The thing about my trip home this summer is that the evidence of Hurricane Katrina and the wreckage she inflicted was still very apparent to me. It is a city with a broken past that endured a difficult season of growth. It is not the Long Beach of my youth, but it is still home. After the devastation of 2005, some places were repaired or rebuilt. Other places I saw on our visit were brand new construction, even some really nice and beautiful places. Still other places were empty and awaiting redemption.

“Awaiting redemption” makes me think of the Friendship Oak. A seedling when Columbus sailed to America, this beautiful, enormous live oak tree used to be the crown jewel of a local college and a favorite place of mine. I wanted to take the kids to see it, but instead we pulled up to a decaying tree surrounded by “Keep Out” tape. There is no way to repair, replace, rebuild, or improve on the Friendship Oak until Jesus restores creation to its full glory, and I know there will be places like that in my life as well. Things that just will not be right until I see Ethan again. But in the beginning, that felt like all there was left to my life. Truthfully, that was how I wanted it. What kind of a mom “heals” from her son? Now, almost 18 months later, I can finally see that I am not healing from Ethan or the experience of being his mother but from the storm surge that made landfall on March 10, 2017 – the tragedy that swept my child away from me and destroyed almost everything I had ever known. Almost.
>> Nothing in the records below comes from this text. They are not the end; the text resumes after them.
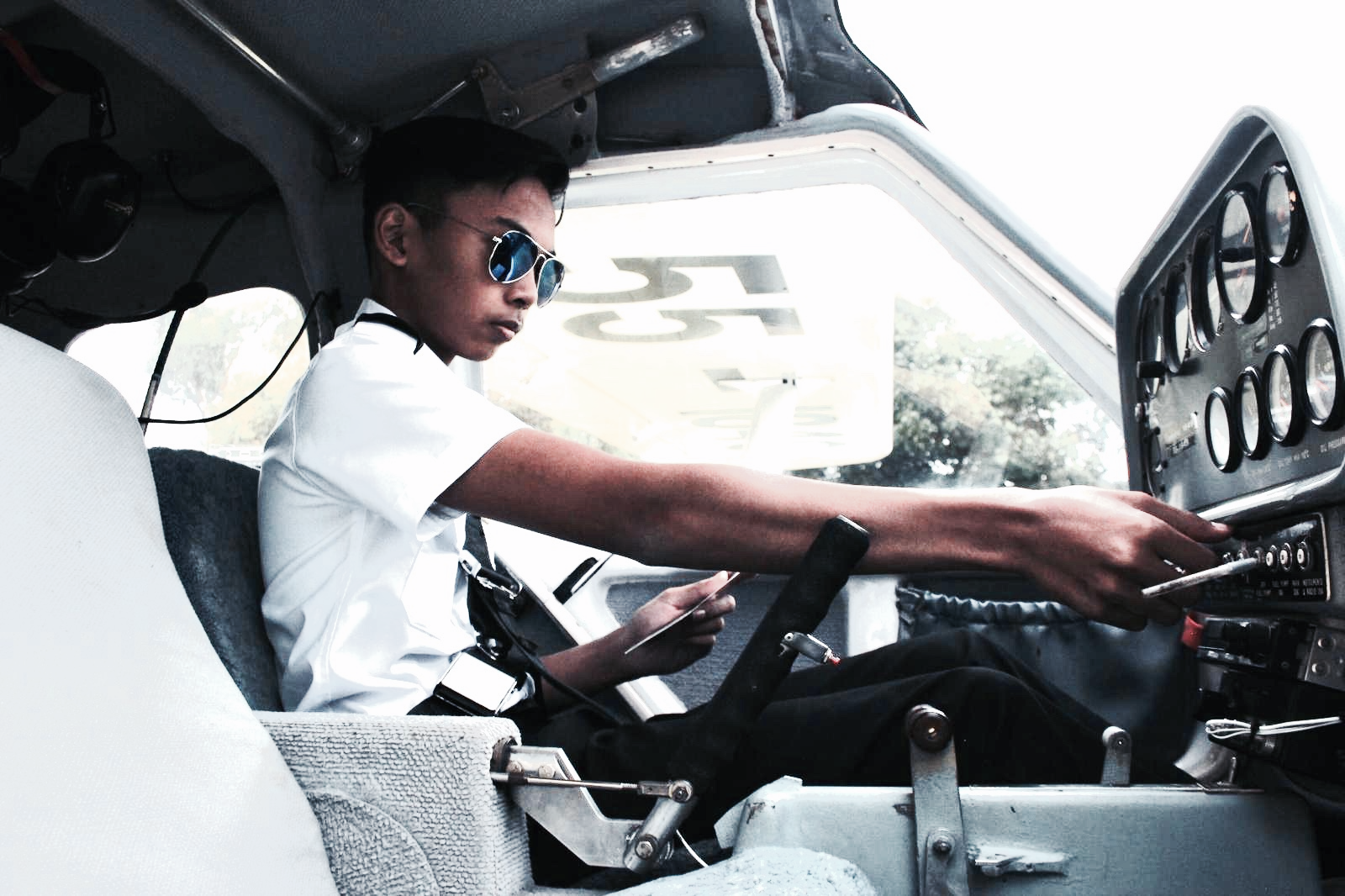 Student pilot in cockpit training for Recreational Pilot Certificate Singapore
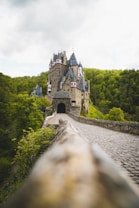 A medieval castle sits atop a hill surrounded by lush green forests. The castle features multiple towers with pointed roofs and intricate details. A cobblestone path leads up to the castle, creating a sense of depth in the image.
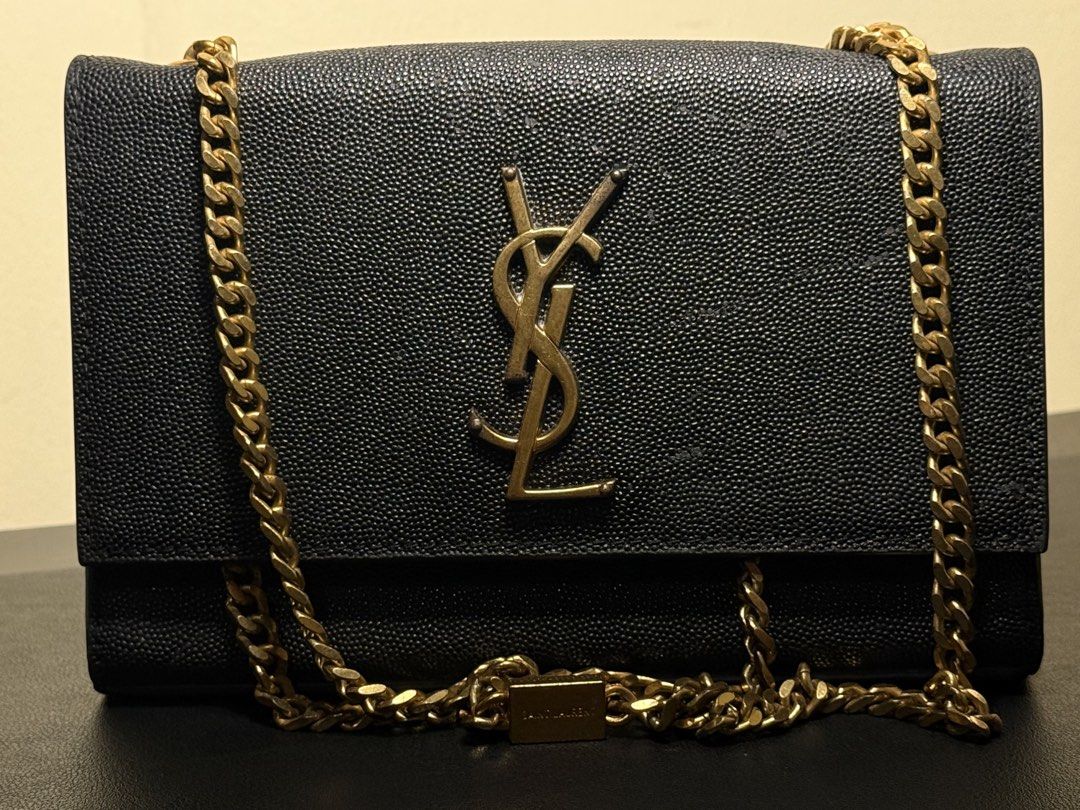 Saint Laurent YSL Monogram Black Grained Leather Chain Bag (Category: Luxury Bags & Wallets) located in Manila. Submitted by zuji.ph (Listing ID 1464994877, Image 1). Description: -Saint Laurent bag in classic black grained leather - Features signature gold-tone YSL logo hardware and matching chain strap with branded plaque - Structured silhouette with a secure foldover closure - Clean interior compartment with visible serial number stamping - Ve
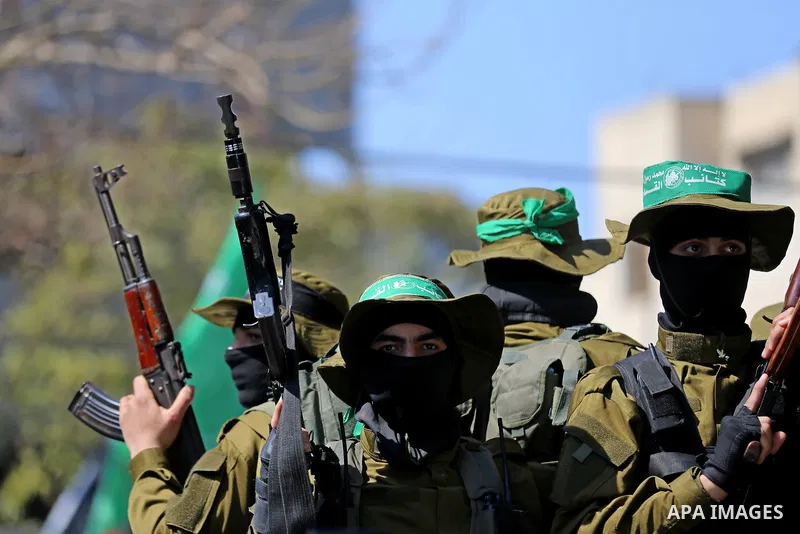 Members of the Ezzedine al-Qassam Brigades, the military wing of Hamas take part in the funeral of Palestinian Islamist movement Hamas' official Mazen Faqha, in Gaza city on March 25, 2017. Gunmen in the Gaza Strip had s...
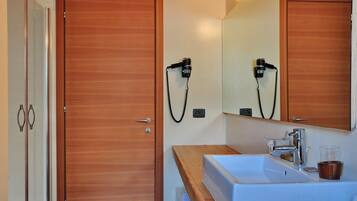 A bathroom with wooden doors, a white sink, a mirror, and a hairdryer mounted on the wall.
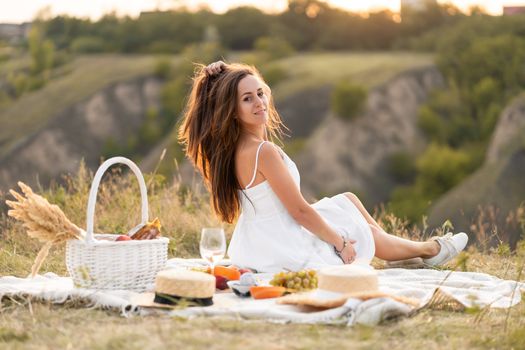 Gorgeous young brunette girl in a white sundress having a picnic in a picturesque place. Romantic picnic.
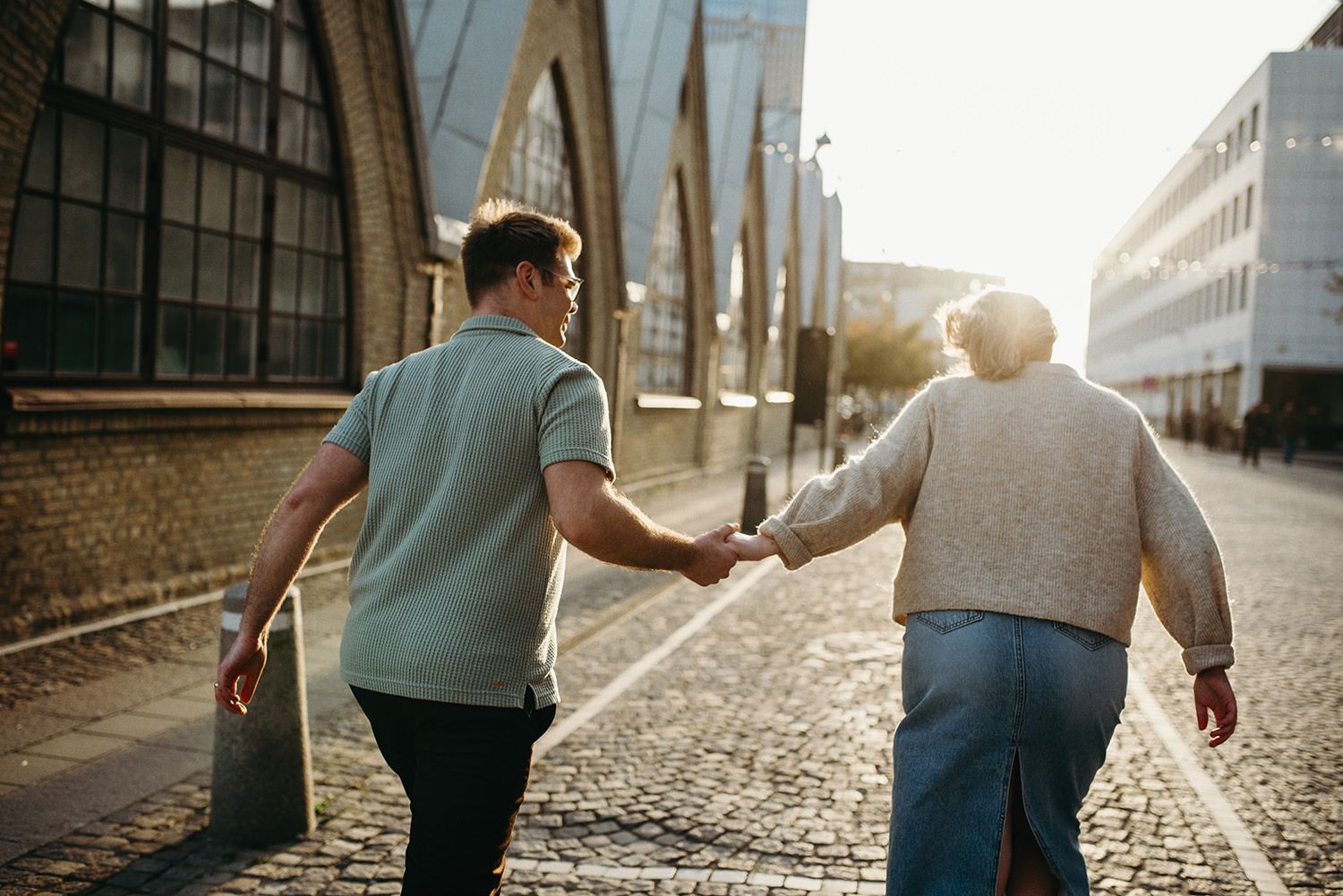 Two people walking together holding hands on a cobblestone street during golden hour sunlight.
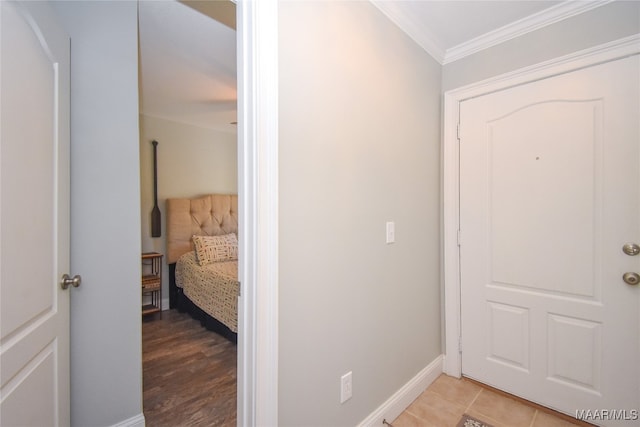 hall with ornamental molding and light hardwood / wood-style floors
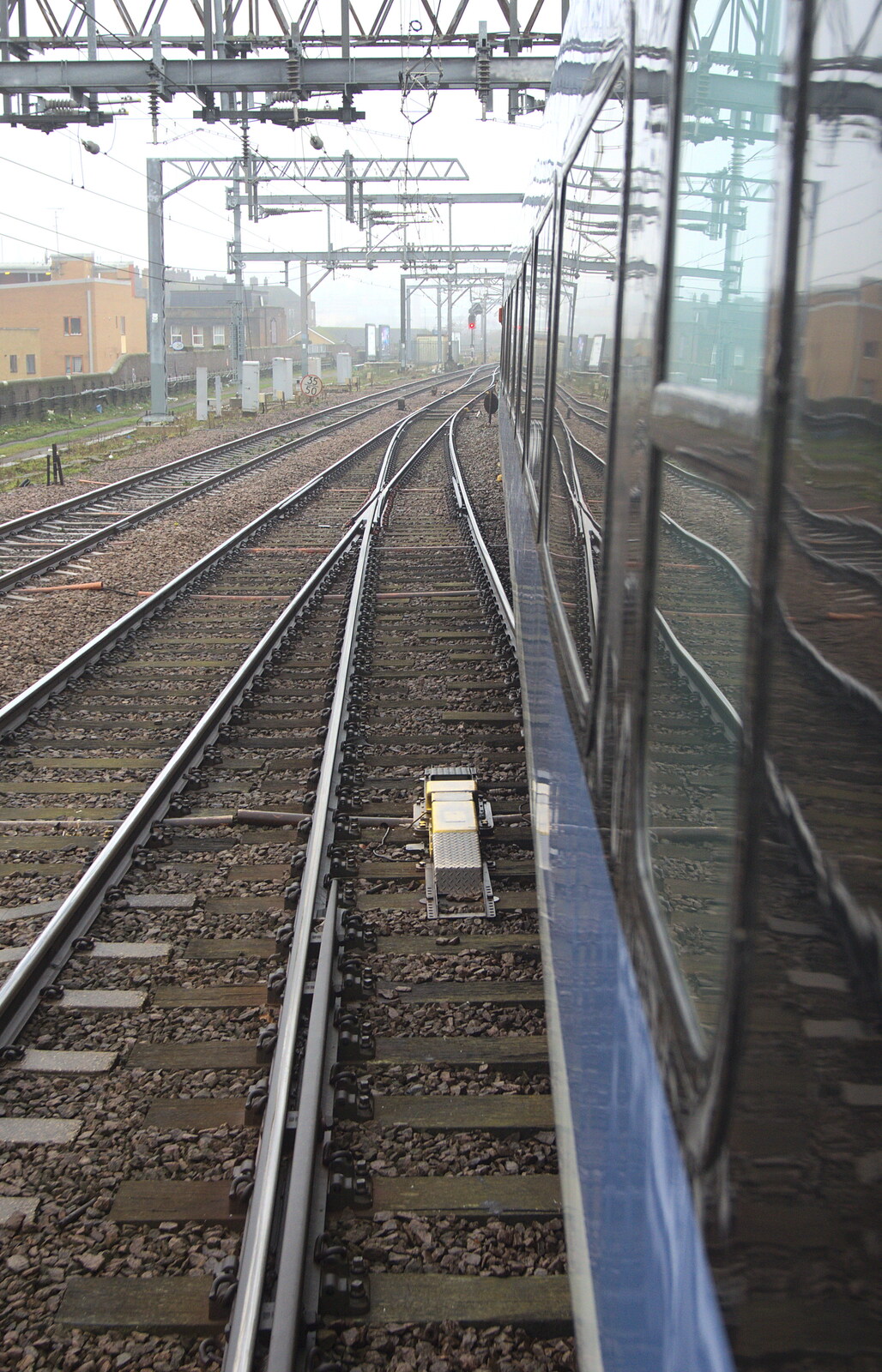 Rails reflected in the side of the train from The Demolition of the Bacon Factory, Ipswich, Suffolk - 20th February 2013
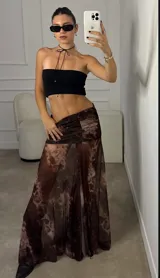 Pollera midi de corte evasé con cintura fruncida y diseño estampado con efecto marmolado en tonos marrones.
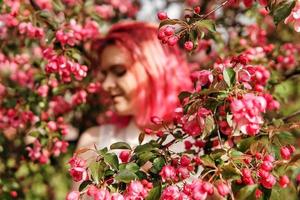 jung Mädchen mit Rosa Haar im Apfel Obstgarten. foto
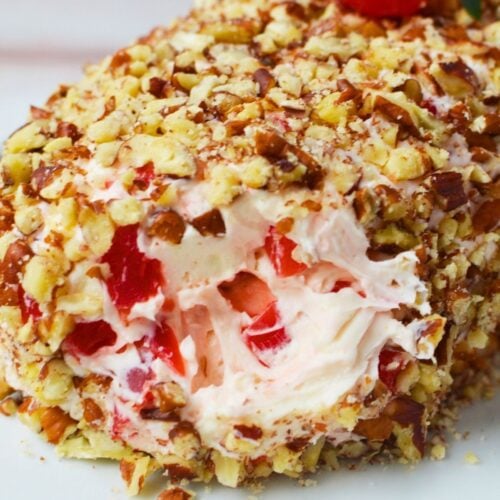 Festive cherry cream cheese log appetizer on a serving platter, topped with whole cherries and mint leaves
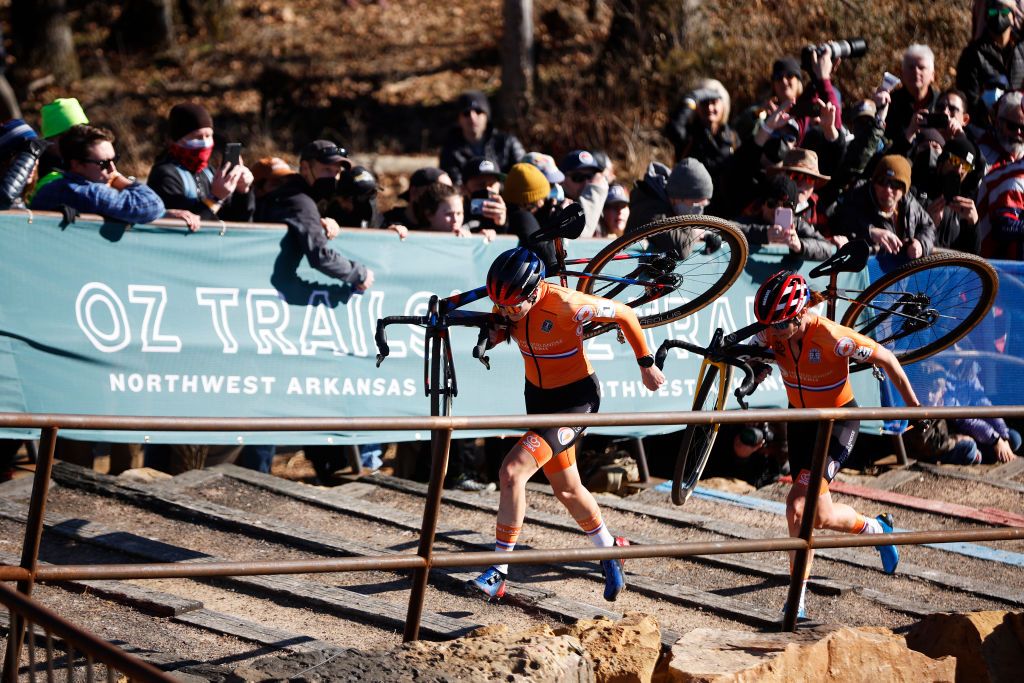 FAYETTEVILLE ARKANSAS JANUARY 29 LR Lucinda Brand of Netherlands and Marianne Vos of Netherlands compete while fans cheer 73rd UCI CycloCross World Championships Fayetteville 2022 Womens Elite Fayetteville2022 on January 29 2022 in Fayetteville Arkansas Photo by Chris GraythenGetty Images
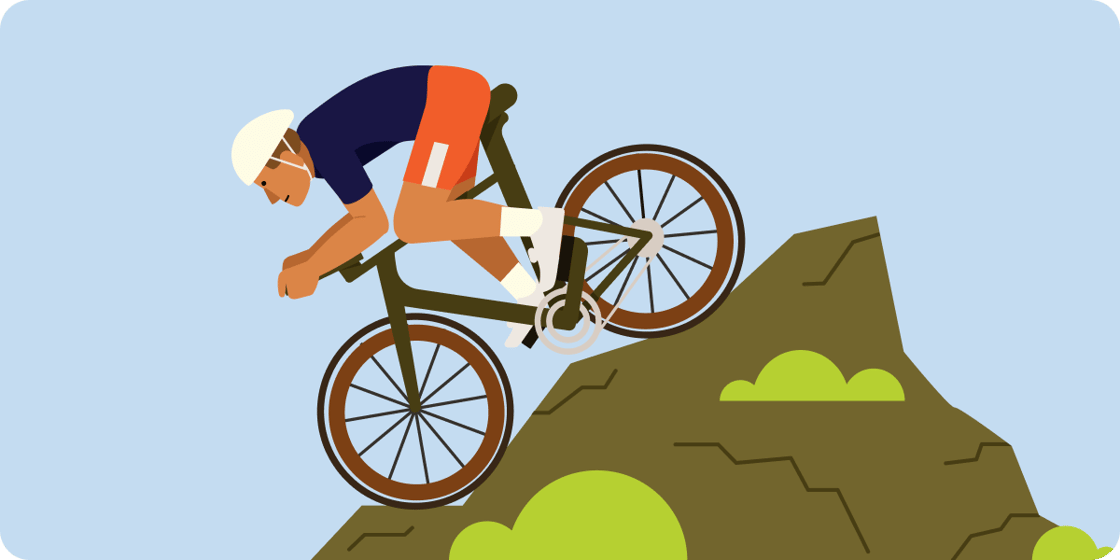 mountain biker riding downhill on light blue background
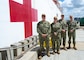 (Left to Right) Religious Program Specialist 2nd Class Evan Andrade, Lt. Jg. Wendy Byh-Jongejan, RP2 Daniel Tomaso, and Cmdr. Christopher Martin pose in front of the Military Sealift Command hospital ship USNS Mercy (T-AH 19) prior to a Pacific Partnership 2022 deployment at Naval Base San Diego, April 12. The Sailors make up the USNS Mercy’s religious staff. Mercy can steam to assist anywhere to provide relief as a symbol of Navy Medicine’s abilities around the world, and must be in a five-day-activation status in order to support missions over the horizon, and be ready, reliable and resilient to support mission commanders.(U.S. Navy photo by Mass Communication Specialist Seaman Raphael McCorey)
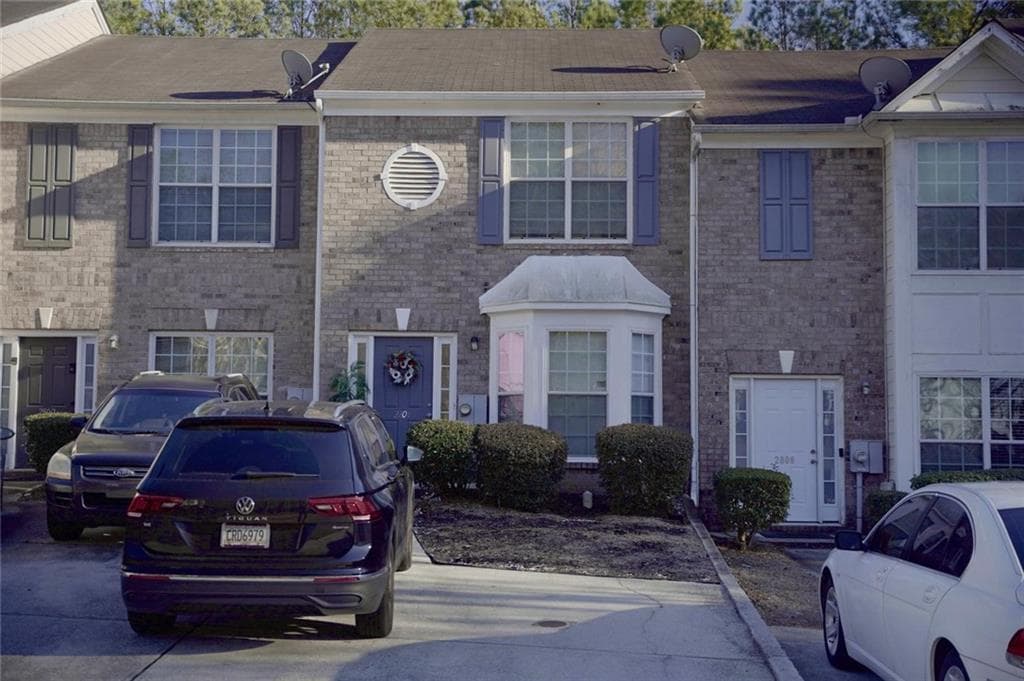 2 bedroom, 3 bathroom, 1,320 sq ft townhouse for sale at 2804 Parkway Cove, Lithonia, GA 30058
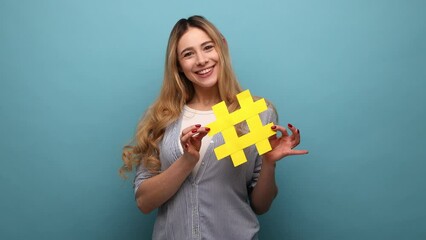 Smiling beautiful woman holding yellow hashtag symbol, making important topic popular, setting trends on Internet, wearing striped shirt. Indoor studio shot isolated on blue background.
Some things survived the storm intact, but I couldn’t see them for the wreckage. I am starting to identify some places from my “life before loss” that can be repaired, other things that can eventually be rebuilt in a different location, and still other lots which will be vacant for a long, long time to come. I hope that one day, I can even build some beautiful new spaces in my life, like the town green where my classmates gathered with our families and watched our children play in the splash pad under live oak trees that weathered the storm 13 years ago. I don’t know that I am there yet, but the fact that it is even starting to seem possible is only by the grace of God, the love of my family, and the support of a few close friends. Please don’t stop praying for us, checking in on us, and braving the sorrow with us as you are able. We are still very much under construction.